Avec Feast (2021), le réalisateur Tim Leyendekker revient sur un sordide fait divers survenu à Groningue aux Pays-Bas en 2007. Trois homosexuels ont été condamnés pour avoir drogués, violés et injectés à plusieurs victimes leur propre sang contaminé par le VIH. Les victimes avaient pris rendez-vous sur internet pour des orgies homosexuelles privées, elles ne s’attendaient pas en retour, en ressortir drogués et atteintes du SIDA.
Oscillant entre le documentaire et la fiction, le plasticien néerlandais Tim Leyendekker nous prend au dépourvu car son film n’est clairement pas le produit auquel on s’attendait. On se retrouve devant une œuvre expérimentale qui a clairement le cul entre deux chaises, oscillant entre plusieurs genres cinématographiques.

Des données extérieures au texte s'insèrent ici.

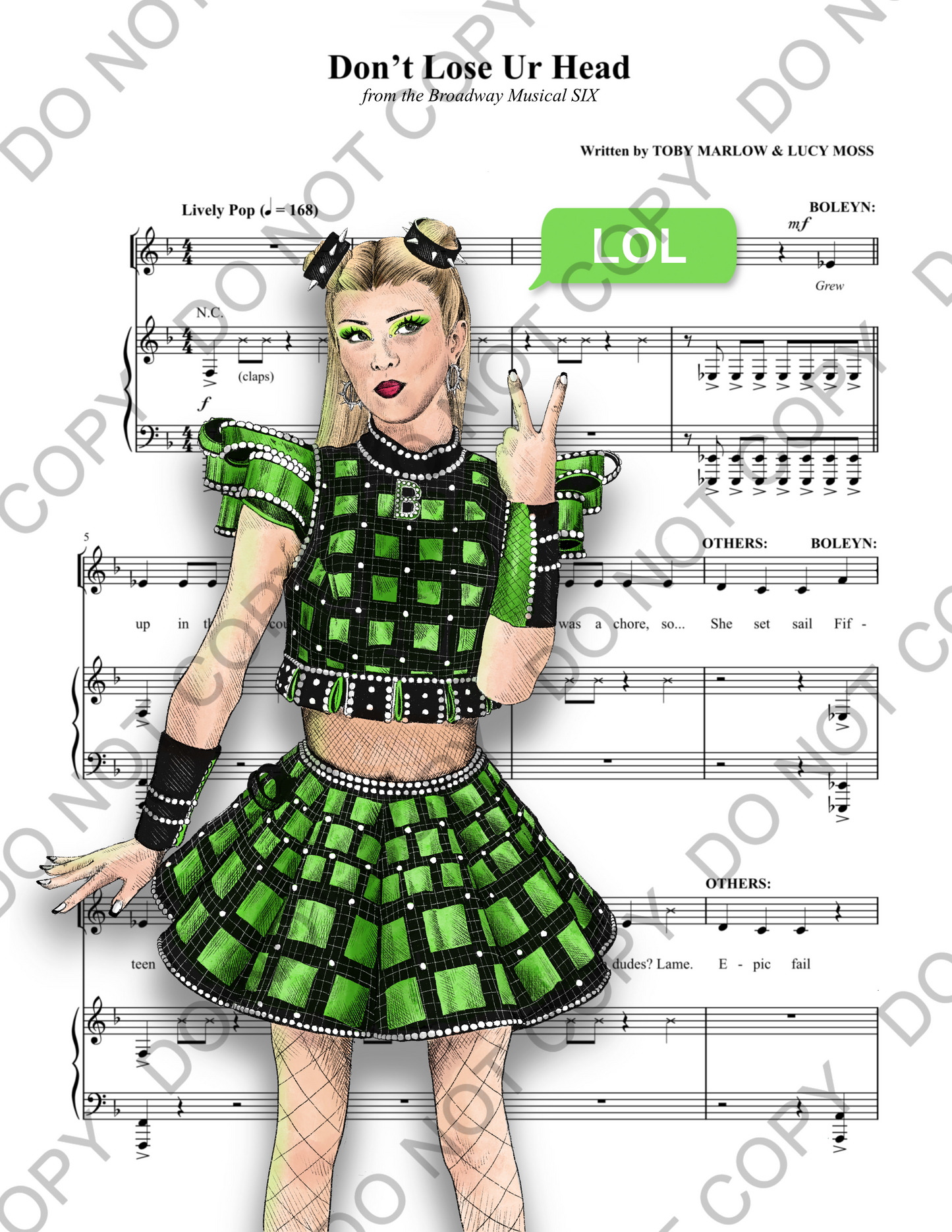 Dylan Mulvaney Anne Boleyn Six Sheet Music Art Print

Tellement borderline que le film en aura laissé plus d’un sur le carreau. Pendant toute la durée de la projection, je me suis amusé (ou plutôt, passer le temps) à comptabiliser tous les spectateurs qui quittaient la salle. Nous étions une petite quarantaine, au bout de 30min de projection, déjà 10 spectateurs se sont fait la belle. Au bout des 85 minutes que compte le film, ce n’est pas moins de la moitié de la salle (!) qui est partie.

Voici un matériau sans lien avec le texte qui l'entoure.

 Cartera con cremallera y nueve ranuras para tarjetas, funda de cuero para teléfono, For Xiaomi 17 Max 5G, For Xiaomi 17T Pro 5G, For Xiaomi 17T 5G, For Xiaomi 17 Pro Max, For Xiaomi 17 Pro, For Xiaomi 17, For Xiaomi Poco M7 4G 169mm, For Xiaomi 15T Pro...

Et cela n’a rien de très surprenant puisqu’à aucun moment le réalisateur ne parvient à nous immerger au cœur de son film. Ce dernier est découpé en 6 segments, tous plus variés les uns que les autres, à commencer par une étonnante scène d’ouverture très captivante (un plan séquence de 10min où l’on se retrouve face à une étonnante énumération d’objets tels que des godemichets, des capotes, 750ml de GHB, 2kg d'ecstasy ou encore des lettres, … sans nul doute appartenant aux coupables). Tout au long du film, on ne sait jamais si l’on a affaire à de la fiction ou de la réalité, le réalisateur brouille les pistes, on ne distingue jamais la frontière de la reconstitution, même si parfois, sur certains segments, il est facile de le deviner. Des segments qui laissent parfois à désirer comme ces échanges philosophiques (véritable branlette intellectuelle et conceptuelle) ou des acteurs échangent devant un miroir sans tain pendant 30 longues minutes. Par la suite, on assiste à des échanges entre deux protagonistes dont on ne saura rien d'eux et où les images indescriptibles ne veulent rien dire. Ça n’est qu’au bout d’un quart d'heure que l’on finit par comprendre que l’on est face à l’un des coupables. Segment suivant, on assiste à l’entretien filmé d’un des complices à son domicile, puis, on se retrouve chez une scientifique qui analyse les effets du poison sur des fleurs, le segment d’après, on se retrouve au commissariat. Chacun des segments prenant soin d’alterner fiction et documentaire, on finit par être totalement perdu, incapable de faire la distinction entre le vrai du faux.
C’est d’autant plus regrettable que, vu l’histoire, cela aurait pu faire un excellent documentaire si le réalisateur ne s’était pas perdu dans des circonvolutions inutiles et une mise en scène aussi surprenante que déroutante. Entre expérimental, documentaire et reconstitution, Tim Leyendekker déroute et finit par nous perdre sans parvenir à nous retenir.